In this sequel to Spotlight: Nightbeat, Nightbeat returns to Gorlam Prime and takes Hardhead with him. It's revealed during the story that Nightbeat was captured and altered back in his Spotlight so that he could assassinate Optimus Prime, though Nightbeat never becomes aware of this. He's worked out that something was done to him because he does not remember visiting the planet, and asks Hardhead to be prepared to kill him if he turns on him, which he does as Jhiaxus takes control of Nightbeat once the two of them reach the silver pool, the portal to the Dead Universe. The controlled Nightbeat shoots Hardhead in the face but it barely fazes him, after which Hardhead returns the favor and does as Nightbeat asked, shooting him.

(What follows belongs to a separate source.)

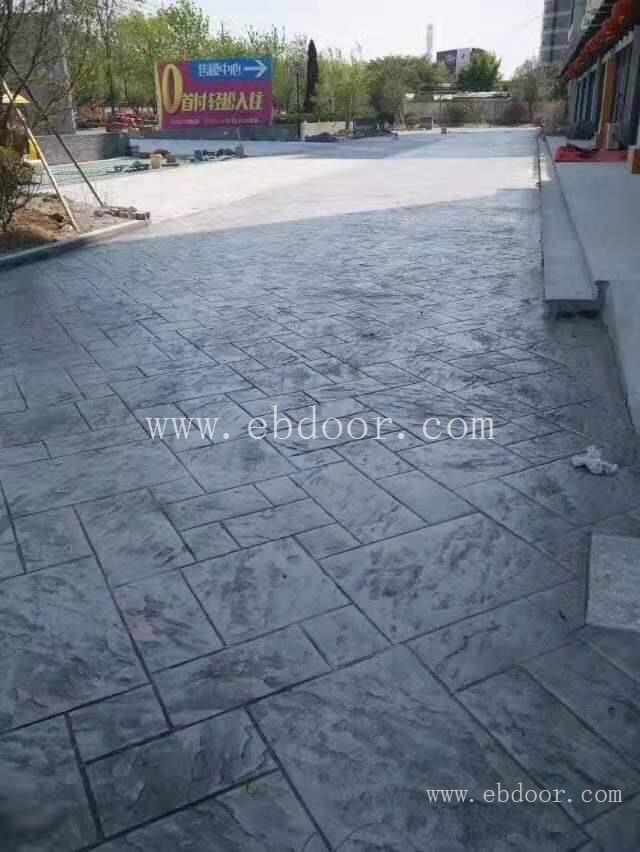 达州市水泥压印地坪厂家 水泥压模地坪厂家 水泥压花地坪厂家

He falls into the pool, and Hardhead is forced to retreat there as a horde of Micromasters move in on him, accompanied by a great internal monologue as he reflects on his life of doing some brutal things during the war and being unafraid to face whatever the future holds, even in the unknown of the pool.

Hardhead is another one of those characters that usually doesn't get much page time, and I like his no-nonsense portrayal here. He's tough inside and out, and a bot of few words who is nevertheless quite aware of who he is and of his place in the world. It's an interesting portrayal. Hardhead frustrates Nova Prime's plans by killing Nightbeat, forcing Nova Prime to take on the job of killing Optimus himself, something he did not want to do. A lot of questions have been answered with these last two Spotlights, which have been a good mix of character study and overarching plotline. Two down, two to go.

Spotlight: Doubledealer
Writer: Simon Furman Art: Dan Khanna

In yet another sequel Spotlight, this time to Spotlight: Hot Rod, the questions surrounding the whereabouts of the Magnificence are answered as Dealer returns in another attempt to procure the mysterious artifact which can answer nearly any question. Dealer is of course Doubledealer, Decepticon agent, who betrayed Hot Rod and his team when they went in to retrieve this item the first time, only Hot Rod went off-plan and escaped via a different route than expected, hiding the Magnificence. The issue portrays Dealer as manipulative and very sure of himself, as well as cautious enough to wait and be sure Hot Rod really has brought him to the right place before attempting to kill him and take the Magnificence. It's Dealer's caution that is his downfall, as Hot Rod has worked out that Dealer had to have betrayed the team, with a question to the Magnificence confirming his suspicions. Hot Rod is faster on the draw than Dealer, shooting him before he can be shot and killing the undercover Decepticon. After this the Magnificence will vanish until, as Sparky mentioned, James Roberts will bring it back during the Lost Light series.

This is a sidetrack from the Expansion storyline that the other two Spotlights covered, but it was a big plot thread that needed to be tied up, so it feels like time well spent. And a few pages cover the progressing events of the Expansion, so it's not as if that story is avoided entirely. The art is fine, though it's the weakest out of the four "Revelations" Spotlight issues, in my opinion. And like Hardhead, Doubledealer is a character who rarely appears in any substantial role, so even as a fairly standard spy/con man type of character, I enjoy seeing him get some focus.